# The Coffee Cart Revenue Mystery

## Story

You’ve been hired by a small chain of mobile coffee carts that operate across a few busy city locations.
The owner suspects that some carts are under-reporting revenue—not maliciously, but due to messy logging habits.
Every cart records its sales in a simple export: product, quantity, and timestamp, but the system didn’t enforce consistent data entry, so now they need someone to make sense of it.
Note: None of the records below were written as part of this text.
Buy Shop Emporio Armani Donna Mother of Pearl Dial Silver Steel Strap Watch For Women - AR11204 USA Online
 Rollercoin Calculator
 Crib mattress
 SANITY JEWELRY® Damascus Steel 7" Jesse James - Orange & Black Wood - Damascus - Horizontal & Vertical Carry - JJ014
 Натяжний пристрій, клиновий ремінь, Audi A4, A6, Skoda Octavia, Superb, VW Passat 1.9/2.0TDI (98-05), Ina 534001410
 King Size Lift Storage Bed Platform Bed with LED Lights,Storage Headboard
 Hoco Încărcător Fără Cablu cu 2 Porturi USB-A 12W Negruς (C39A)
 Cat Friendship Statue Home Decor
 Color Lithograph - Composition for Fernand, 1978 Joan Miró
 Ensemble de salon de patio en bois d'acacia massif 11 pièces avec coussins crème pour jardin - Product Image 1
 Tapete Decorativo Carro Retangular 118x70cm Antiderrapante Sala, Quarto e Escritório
You receive a week of raw entries. Your job is to clean the inconsistencies, summarise patterns, and help the owner understand how each cart actually performed.

## Tasks

### Task 1 — Clean the basic fields
- Standardise the `product` names (capitalisation/spacing).
- Convert `qty` values into valid integers.
- For clearly unusable rows (e.g., missing product *and* invalid quantity), either:
  - set the entire row to `NaN`, or  
  - drop the row.  
  Explain which approach you chose and why.

---

### Task 2 — Compute revenues
- Create a new column `revenue` as `qty * price`.
- Ensure there are no invalid or negative `revenue` values.
- If `qty` is missing but the row is otherwise valid, set `revenue` to 0.

---

### Task 3 — Summaries for management
Create a cart-level summary table showing, for each `cart`:
- total items sold,
- total revenue,
- number of problematic rows detected (e.g., rows with invalid or corrected quantities).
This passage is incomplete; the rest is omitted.